Short descriptive text snippets
:::
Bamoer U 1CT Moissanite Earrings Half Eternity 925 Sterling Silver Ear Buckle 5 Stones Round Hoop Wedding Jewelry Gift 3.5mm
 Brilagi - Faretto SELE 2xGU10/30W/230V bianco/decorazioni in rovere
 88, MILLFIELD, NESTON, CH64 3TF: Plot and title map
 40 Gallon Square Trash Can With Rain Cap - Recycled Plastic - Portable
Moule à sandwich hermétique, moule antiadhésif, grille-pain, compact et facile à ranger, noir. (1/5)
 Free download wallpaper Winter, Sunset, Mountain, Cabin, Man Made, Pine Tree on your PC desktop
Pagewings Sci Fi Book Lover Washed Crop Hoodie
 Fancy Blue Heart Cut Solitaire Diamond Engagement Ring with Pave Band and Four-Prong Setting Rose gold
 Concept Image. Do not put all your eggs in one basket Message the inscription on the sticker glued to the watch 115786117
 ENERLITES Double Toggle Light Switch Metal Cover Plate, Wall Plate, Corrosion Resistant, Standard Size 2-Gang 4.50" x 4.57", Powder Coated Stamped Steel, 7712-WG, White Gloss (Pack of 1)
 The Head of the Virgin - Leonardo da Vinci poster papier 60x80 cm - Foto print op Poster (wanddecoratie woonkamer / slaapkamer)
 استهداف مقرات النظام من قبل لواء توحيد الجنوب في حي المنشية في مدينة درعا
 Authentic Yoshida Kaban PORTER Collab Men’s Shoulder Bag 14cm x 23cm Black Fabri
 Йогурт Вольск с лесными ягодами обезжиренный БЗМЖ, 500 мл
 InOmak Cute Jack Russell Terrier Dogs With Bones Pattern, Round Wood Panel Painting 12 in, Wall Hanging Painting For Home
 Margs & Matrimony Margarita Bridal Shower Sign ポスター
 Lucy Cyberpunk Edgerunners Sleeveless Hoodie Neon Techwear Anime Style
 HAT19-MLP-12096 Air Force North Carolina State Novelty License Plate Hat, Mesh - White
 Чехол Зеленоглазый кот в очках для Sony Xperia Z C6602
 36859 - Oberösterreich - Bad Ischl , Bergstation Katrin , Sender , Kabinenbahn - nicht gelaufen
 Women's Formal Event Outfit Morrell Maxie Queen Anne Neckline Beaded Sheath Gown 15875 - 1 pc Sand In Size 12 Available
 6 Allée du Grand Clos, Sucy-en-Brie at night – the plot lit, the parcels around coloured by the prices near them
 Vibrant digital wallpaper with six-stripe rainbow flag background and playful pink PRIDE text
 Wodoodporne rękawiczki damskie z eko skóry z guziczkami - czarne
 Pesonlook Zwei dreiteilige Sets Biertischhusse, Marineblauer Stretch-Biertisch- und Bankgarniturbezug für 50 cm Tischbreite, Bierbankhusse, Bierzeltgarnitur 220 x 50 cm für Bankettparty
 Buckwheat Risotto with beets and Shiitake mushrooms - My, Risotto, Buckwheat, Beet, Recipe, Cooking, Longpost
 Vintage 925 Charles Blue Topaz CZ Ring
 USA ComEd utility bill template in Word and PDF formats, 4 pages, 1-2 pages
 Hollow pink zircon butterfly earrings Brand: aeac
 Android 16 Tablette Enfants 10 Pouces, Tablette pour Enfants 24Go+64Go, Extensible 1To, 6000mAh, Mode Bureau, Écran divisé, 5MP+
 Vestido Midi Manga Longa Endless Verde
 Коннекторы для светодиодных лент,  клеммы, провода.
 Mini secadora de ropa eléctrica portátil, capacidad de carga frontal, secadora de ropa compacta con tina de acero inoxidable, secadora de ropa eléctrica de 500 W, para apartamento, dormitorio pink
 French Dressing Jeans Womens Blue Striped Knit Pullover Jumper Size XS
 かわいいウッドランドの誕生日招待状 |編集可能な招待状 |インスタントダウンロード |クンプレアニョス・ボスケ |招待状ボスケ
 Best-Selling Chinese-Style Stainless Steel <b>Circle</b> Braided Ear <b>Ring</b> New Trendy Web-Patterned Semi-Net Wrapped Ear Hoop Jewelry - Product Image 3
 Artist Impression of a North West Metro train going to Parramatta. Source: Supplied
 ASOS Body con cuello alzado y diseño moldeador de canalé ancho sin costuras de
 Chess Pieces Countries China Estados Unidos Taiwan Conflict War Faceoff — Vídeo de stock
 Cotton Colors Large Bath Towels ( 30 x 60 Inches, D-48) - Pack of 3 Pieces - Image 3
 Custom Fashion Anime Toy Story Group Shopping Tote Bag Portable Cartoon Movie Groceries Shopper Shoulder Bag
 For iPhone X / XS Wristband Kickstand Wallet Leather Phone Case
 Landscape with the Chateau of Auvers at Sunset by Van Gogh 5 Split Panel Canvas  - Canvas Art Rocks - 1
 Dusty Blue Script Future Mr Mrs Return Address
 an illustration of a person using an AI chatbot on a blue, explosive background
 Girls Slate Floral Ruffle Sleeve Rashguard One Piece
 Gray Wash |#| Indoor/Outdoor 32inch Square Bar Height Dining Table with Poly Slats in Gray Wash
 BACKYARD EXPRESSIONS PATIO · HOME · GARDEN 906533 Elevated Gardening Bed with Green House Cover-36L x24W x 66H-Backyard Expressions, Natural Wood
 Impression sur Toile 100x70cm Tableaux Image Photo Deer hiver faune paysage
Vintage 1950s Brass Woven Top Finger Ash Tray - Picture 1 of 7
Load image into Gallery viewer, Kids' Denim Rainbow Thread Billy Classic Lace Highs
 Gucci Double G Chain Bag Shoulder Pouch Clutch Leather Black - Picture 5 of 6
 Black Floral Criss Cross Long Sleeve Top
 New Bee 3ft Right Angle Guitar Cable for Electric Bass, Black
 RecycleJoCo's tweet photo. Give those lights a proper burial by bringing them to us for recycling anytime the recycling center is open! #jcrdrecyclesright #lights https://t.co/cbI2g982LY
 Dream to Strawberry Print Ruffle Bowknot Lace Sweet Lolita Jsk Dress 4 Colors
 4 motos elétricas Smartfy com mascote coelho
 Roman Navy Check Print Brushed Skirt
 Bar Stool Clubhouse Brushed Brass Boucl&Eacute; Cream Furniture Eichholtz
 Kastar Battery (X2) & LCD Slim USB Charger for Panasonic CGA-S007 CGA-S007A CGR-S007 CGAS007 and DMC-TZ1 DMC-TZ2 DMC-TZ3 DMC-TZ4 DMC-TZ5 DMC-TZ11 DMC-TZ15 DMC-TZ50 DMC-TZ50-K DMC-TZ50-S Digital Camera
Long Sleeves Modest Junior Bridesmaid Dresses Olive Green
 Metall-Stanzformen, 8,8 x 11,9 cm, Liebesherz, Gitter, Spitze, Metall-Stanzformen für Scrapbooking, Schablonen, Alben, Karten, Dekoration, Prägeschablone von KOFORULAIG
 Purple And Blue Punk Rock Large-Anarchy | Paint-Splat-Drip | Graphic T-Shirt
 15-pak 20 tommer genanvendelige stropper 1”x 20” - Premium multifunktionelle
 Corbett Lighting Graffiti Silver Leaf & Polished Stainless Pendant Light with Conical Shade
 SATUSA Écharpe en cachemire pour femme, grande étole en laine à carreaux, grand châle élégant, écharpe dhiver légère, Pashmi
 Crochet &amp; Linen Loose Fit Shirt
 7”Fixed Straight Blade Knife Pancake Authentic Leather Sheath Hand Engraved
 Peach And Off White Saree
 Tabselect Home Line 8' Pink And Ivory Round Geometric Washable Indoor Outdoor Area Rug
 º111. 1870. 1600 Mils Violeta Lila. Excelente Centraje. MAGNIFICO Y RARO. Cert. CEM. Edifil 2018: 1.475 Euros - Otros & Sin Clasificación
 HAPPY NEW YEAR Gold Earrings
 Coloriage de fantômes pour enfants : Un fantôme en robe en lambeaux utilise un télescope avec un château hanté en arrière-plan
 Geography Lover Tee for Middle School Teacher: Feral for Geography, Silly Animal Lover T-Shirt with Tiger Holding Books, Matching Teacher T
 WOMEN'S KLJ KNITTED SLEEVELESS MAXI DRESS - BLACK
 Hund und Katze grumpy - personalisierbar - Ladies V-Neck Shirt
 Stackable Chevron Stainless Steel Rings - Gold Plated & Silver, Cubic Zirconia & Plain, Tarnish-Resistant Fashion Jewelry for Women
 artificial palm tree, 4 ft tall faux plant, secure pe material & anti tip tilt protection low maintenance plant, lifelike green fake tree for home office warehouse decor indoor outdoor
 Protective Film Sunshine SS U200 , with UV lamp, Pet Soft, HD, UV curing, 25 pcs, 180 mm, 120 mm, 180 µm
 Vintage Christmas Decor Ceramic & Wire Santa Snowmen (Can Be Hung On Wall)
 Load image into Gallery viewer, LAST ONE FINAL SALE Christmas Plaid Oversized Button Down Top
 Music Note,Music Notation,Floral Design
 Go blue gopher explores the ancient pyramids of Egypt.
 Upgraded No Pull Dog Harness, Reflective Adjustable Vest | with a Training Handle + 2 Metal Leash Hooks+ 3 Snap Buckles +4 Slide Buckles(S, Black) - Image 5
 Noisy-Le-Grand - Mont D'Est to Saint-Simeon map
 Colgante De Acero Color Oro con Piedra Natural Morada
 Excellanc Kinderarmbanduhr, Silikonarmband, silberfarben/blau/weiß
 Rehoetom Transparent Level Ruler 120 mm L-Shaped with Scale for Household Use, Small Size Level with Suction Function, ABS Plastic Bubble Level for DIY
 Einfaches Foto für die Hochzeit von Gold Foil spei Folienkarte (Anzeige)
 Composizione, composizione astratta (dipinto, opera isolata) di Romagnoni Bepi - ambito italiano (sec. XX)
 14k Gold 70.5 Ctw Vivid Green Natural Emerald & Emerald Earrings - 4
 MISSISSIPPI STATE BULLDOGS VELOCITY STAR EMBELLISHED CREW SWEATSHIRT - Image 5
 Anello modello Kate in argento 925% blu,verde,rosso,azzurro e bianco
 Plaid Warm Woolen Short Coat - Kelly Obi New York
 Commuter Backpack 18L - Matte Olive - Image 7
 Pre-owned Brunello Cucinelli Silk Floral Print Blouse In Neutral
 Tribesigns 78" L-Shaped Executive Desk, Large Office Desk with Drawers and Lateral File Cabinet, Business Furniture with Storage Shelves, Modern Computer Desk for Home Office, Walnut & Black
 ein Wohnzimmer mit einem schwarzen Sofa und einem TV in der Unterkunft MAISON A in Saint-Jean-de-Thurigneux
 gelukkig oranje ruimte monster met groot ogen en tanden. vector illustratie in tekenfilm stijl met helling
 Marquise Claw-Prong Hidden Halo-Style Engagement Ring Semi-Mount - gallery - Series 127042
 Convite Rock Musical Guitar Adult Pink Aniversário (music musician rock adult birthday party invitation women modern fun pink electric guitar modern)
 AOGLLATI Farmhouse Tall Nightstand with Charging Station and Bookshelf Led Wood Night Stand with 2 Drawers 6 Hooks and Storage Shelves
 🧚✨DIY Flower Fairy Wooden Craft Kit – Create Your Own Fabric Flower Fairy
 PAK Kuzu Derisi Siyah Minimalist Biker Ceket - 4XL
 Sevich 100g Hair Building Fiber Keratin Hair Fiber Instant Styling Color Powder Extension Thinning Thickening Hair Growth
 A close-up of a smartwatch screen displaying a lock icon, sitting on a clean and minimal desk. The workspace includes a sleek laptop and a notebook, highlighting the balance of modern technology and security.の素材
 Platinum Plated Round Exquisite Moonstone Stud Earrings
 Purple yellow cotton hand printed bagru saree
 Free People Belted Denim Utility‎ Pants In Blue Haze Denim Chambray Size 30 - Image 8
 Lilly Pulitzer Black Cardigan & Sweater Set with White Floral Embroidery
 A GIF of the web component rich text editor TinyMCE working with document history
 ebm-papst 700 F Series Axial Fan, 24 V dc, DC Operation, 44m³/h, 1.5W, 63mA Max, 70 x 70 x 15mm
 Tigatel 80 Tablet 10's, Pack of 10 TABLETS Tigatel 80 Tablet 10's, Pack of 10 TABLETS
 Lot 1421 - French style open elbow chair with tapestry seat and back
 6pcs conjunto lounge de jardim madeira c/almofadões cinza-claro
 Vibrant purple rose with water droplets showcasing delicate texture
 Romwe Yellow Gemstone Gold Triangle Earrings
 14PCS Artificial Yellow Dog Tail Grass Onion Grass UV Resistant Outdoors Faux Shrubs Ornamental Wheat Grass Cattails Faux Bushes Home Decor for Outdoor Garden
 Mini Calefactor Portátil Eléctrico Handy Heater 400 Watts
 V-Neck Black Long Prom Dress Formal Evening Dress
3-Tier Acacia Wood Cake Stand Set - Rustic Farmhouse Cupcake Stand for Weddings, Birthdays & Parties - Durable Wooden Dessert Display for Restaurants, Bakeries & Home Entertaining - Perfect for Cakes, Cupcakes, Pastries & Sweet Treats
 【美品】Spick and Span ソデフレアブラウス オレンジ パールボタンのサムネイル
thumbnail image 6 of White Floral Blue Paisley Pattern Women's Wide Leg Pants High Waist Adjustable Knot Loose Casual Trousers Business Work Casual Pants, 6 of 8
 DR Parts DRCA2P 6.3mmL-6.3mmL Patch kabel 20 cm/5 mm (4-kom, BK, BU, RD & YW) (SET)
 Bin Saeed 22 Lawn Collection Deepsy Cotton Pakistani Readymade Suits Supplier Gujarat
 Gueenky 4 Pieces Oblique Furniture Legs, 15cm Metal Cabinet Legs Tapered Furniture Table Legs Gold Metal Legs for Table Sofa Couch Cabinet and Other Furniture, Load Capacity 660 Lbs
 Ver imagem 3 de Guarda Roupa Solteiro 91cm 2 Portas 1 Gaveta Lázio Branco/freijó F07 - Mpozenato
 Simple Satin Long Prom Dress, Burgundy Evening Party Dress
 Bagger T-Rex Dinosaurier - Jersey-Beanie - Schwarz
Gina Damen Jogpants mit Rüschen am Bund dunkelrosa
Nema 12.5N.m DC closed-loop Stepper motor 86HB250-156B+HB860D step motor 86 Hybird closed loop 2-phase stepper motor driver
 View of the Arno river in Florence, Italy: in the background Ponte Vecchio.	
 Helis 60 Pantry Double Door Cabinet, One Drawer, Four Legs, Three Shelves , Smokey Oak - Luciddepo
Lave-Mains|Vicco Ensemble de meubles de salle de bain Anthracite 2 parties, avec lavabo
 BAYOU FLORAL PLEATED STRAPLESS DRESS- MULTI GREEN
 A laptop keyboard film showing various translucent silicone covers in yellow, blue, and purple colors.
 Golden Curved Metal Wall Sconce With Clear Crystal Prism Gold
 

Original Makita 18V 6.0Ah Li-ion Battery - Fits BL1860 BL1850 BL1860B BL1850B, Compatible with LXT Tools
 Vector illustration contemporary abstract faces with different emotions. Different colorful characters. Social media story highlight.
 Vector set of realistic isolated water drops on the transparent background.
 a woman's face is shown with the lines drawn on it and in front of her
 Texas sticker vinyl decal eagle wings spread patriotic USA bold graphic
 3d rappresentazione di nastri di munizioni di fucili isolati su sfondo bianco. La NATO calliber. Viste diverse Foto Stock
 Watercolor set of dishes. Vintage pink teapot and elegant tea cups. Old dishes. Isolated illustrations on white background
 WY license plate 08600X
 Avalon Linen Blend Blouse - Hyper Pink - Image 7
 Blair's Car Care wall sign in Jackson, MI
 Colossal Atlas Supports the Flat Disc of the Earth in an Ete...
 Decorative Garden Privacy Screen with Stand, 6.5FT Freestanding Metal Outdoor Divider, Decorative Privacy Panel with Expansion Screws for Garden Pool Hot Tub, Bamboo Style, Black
:::
How to complete this task:
From the records, copy out each line that includes the string "Pieces".

Task response:
 Chess Pieces Countries China Estados Unidos Taiwan Conflict War Faceoff — Vídeo de stock
 Cotton Colors Large Bath Towels ( 30 x 60 Inches, D-48) - Pack of 3 Pieces - Image 3
 Gueenky 4 Pieces Oblique Furniture Legs, 15cm Metal Cabinet Legs Tapered Furniture Table Legs Gold Metal Legs for Table Sofa Couch Cabinet and Other Furniture, Load Capacity 660 Lbs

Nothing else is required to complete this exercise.